*Problem to work on*.
Hand back, word for word, the lines from the one containing "a diamond in" to the end of the records, both included, and leave out pictures.

++++ The data ++++

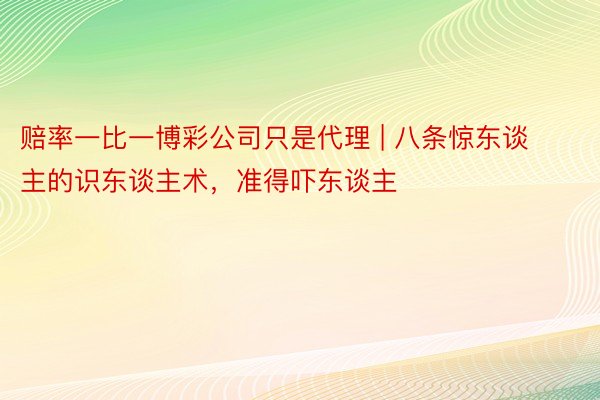 赔率一比一博彩公司只是代理 | 八条惊东谈主的识东谈主术，准得吓东谈主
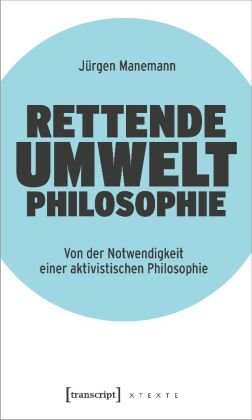 Rettende Umweltphilosophie transcript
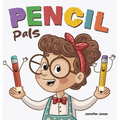 Pencil Pals: A Funny Classroom Story About Responsibility and Care
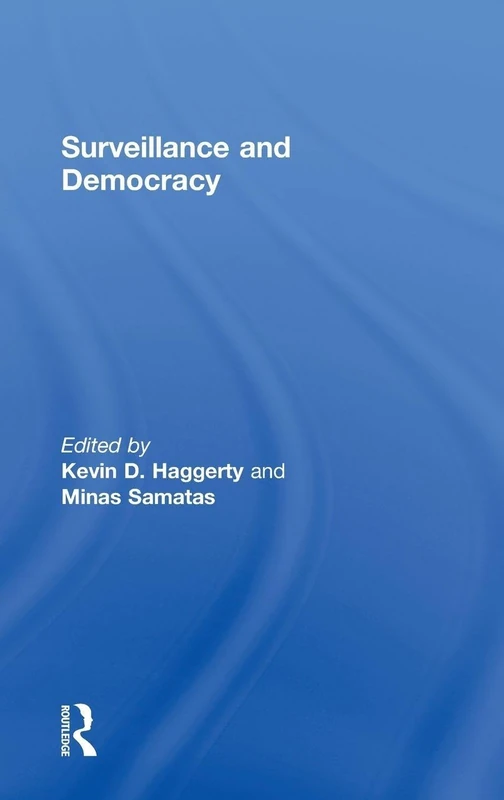 Surveillance and Democracy (Glasshouse Books) - Routledge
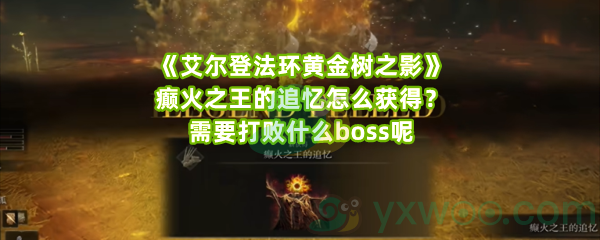 《艾尔登法环黄金树之影》癫火之王的追忆怎么获得？需要打败什么boss呢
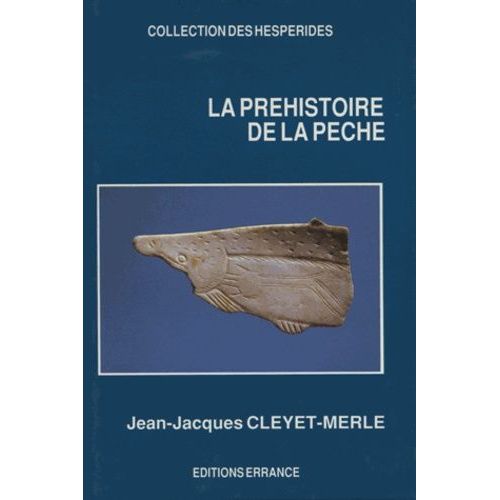 La Préhistoire De La Pêche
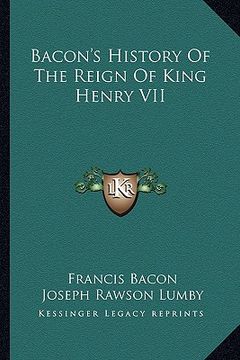 portada bacon's history of the reign of king henry vii (en Inglés)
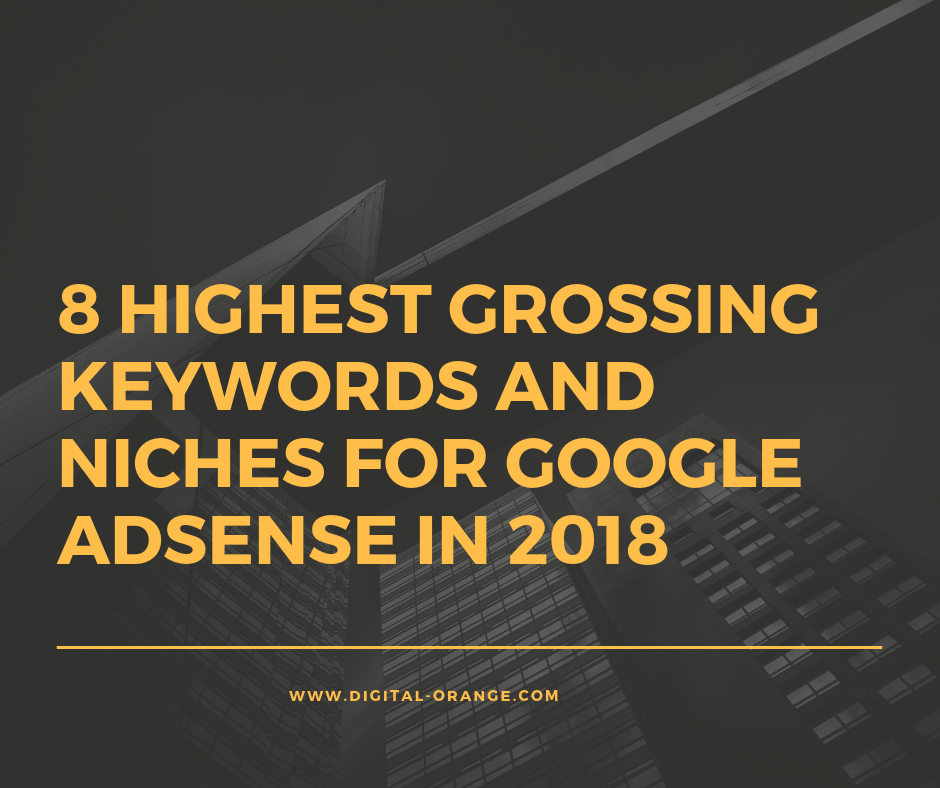 8 Highest Grossing Keywords And Niches For Google AdSense In 2018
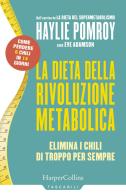 La dieta della rivoluzione metabolica. Elimina i chili di troppo per sempre di Haylie Pomroy, Eve Adamson edito da HarperCollins Italia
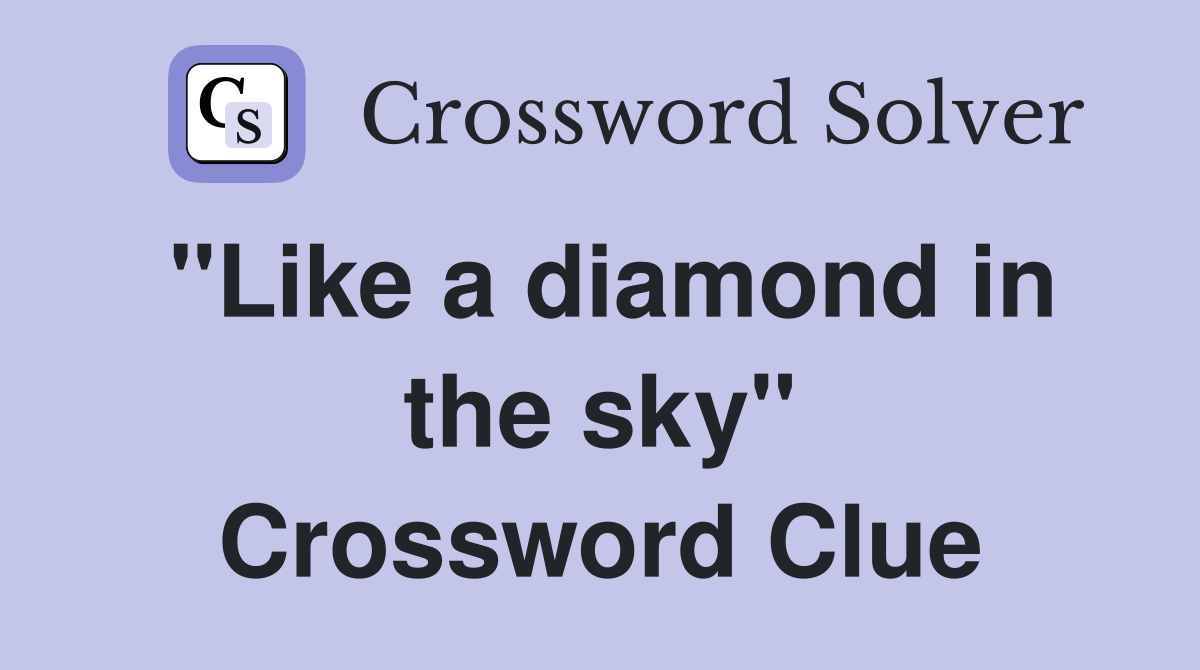 "Like a diamond in the sky" Crossword Clue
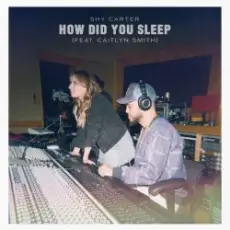 Обложка: Shy Carter feat. Caitlyn Smith - How Did You Sleep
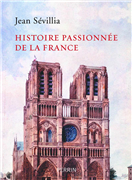 Histoire passionnée de la France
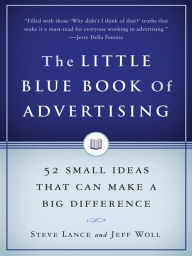 Title: The Little Blue Book of Advertising: 52 Small Ideas That Can Make a Big Difference, Author: Steve Lance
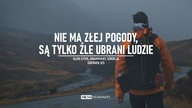 Nie ma złej pogody, są tylko źle ubrani ludzie - Fotografia krajobrazowa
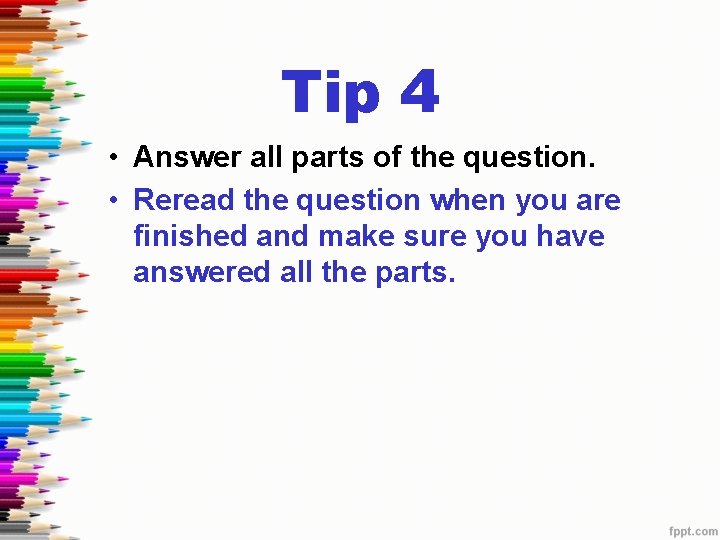 Tip 4 • Answer all parts of the question. • Reread the question when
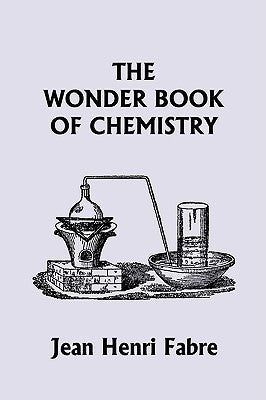 The Wonder Book of Chemistry (Yesterday's Classics) by Fabre, Jean Henri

++++

*Answer for this exercise*.
 "Like a diamond in the sky" Crossword Clue
 Обложка: Shy Carter feat. Caitlyn Smith - How Did You Sleep
 Histoire passionnée de la France
 Title: The Little Blue Book of Advertising: 52 Small Ideas That Can Make a Big Difference, Author: Steve Lance
 Nie ma złej pogody, są tylko źle ubrani ludzie - Fotografia krajobrazowa
 Tip 4 • Answer all parts of the question. • Reread the question when
 The Wonder Book of Chemistry (Yesterday's Classics) by Fabre, Jean Henri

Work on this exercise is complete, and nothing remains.